** Recorded data follows **

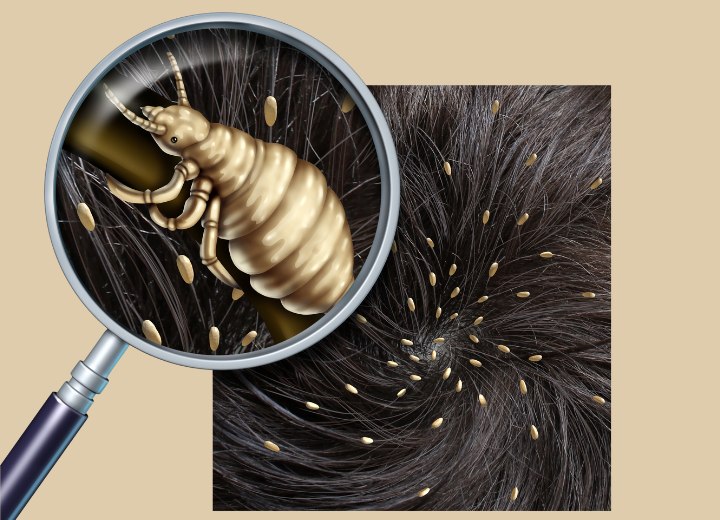 Head lice treatments | Solutions to rid hair of lice and nits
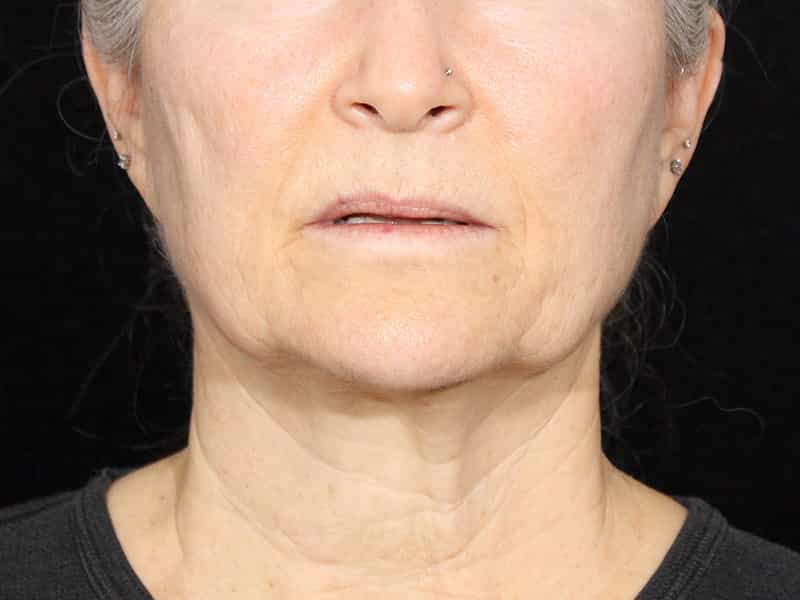 Neck Contouring Before & After Image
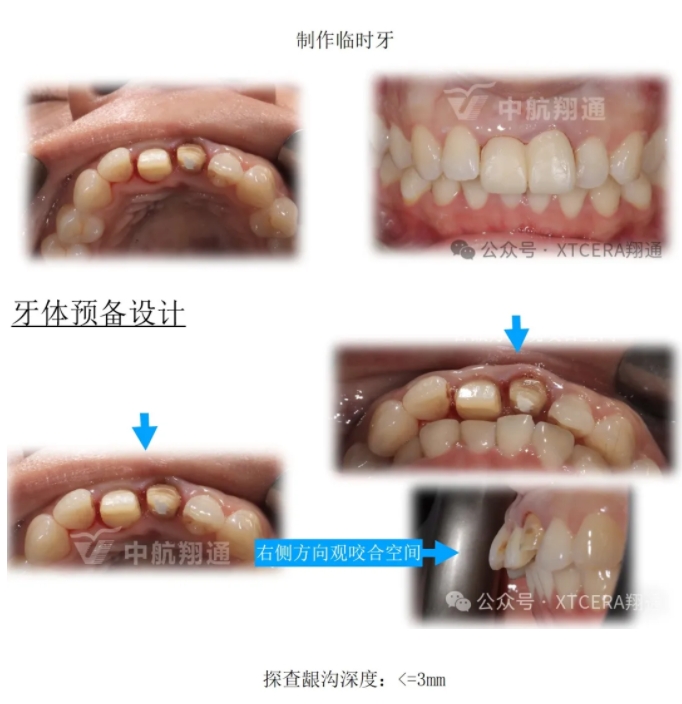 前牙再修復一例|AL-star恒星美學修復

** End of Recorded data **

Retype only the lines from the line with "Neck Contouring Before & After Image" through the last line of the data. Keep both ends and skip the pictures.

*Problem solution*.
 Neck Contouring Before & After Image
 前牙再修復一例|AL-star恒星美學修復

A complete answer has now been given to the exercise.